■ **Task statement**
A faithful transcript of every entry is required; pictures do not belong in it.

Segment Start: Data to examine

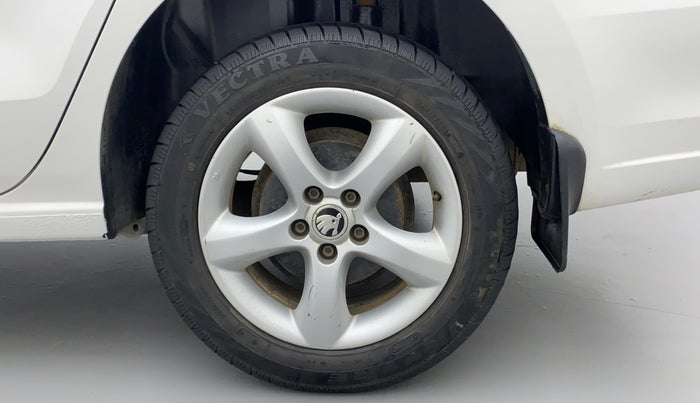 2014 Skoda Rapid 1.5 TDI CR AMBITION PLUS, Diesel, Manual, 83,171 km, Left Rear Wheel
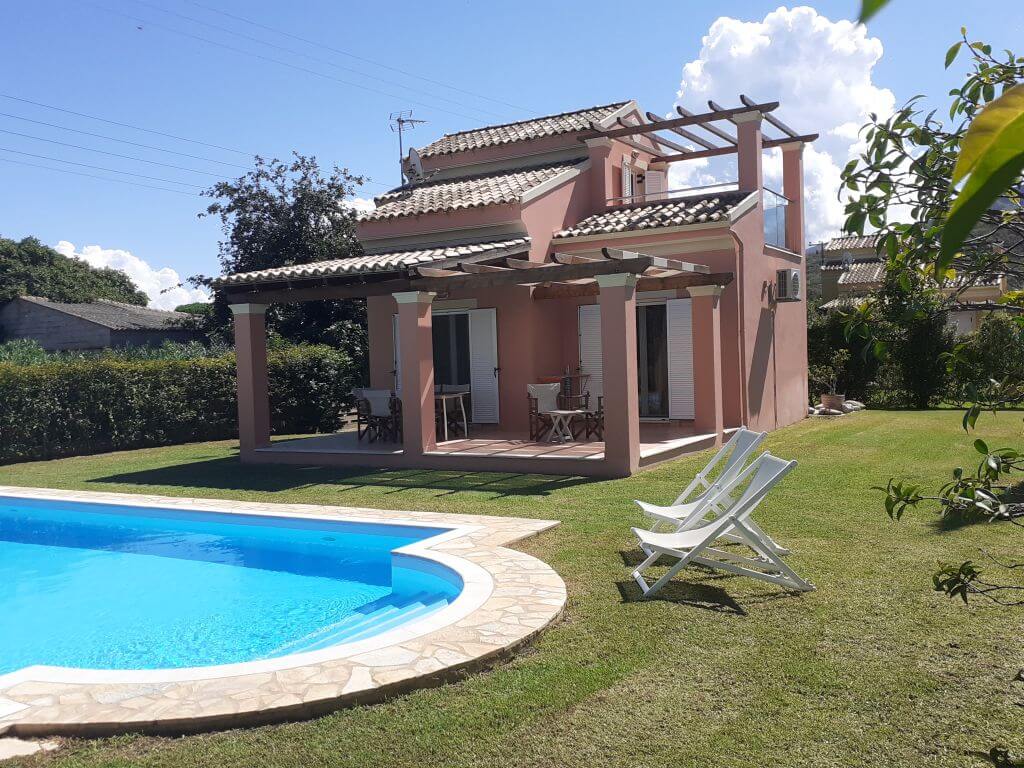 Three Villas with Pool - Beachfront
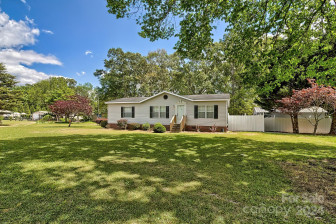 302 Chestnut St Bethune, SC 29009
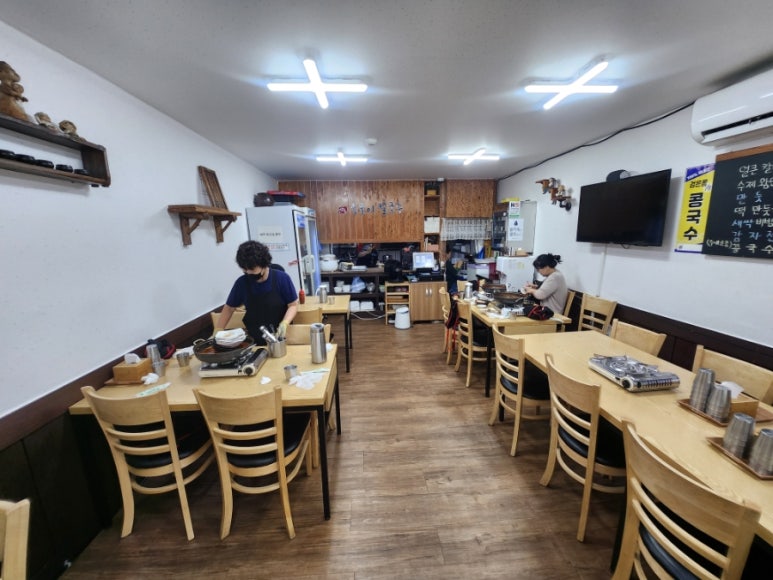암돌 속풀이 칼국수 이미지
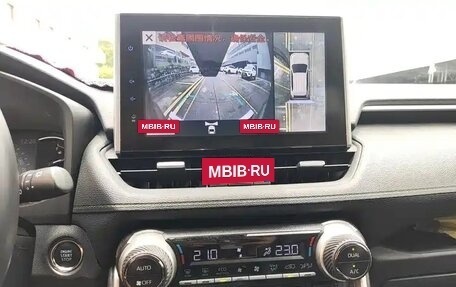 Toyota RAV4, 2023 год, 2 473 000 рублей, 15 фотография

Segment End: Data to examine

■ **Completed task**
 2014 Skoda Rapid 1.5 TDI CR AMBITION PLUS, Diesel, Manual, 83,171 km, Left Rear Wheel
 Three Villas with Pool - Beachfront
 302 Chestnut St Bethune, SC 29009
암돌 속풀이 칼국수 이미지
 Toyota RAV4, 2023 год, 2 473 000 рублей, 15 фотография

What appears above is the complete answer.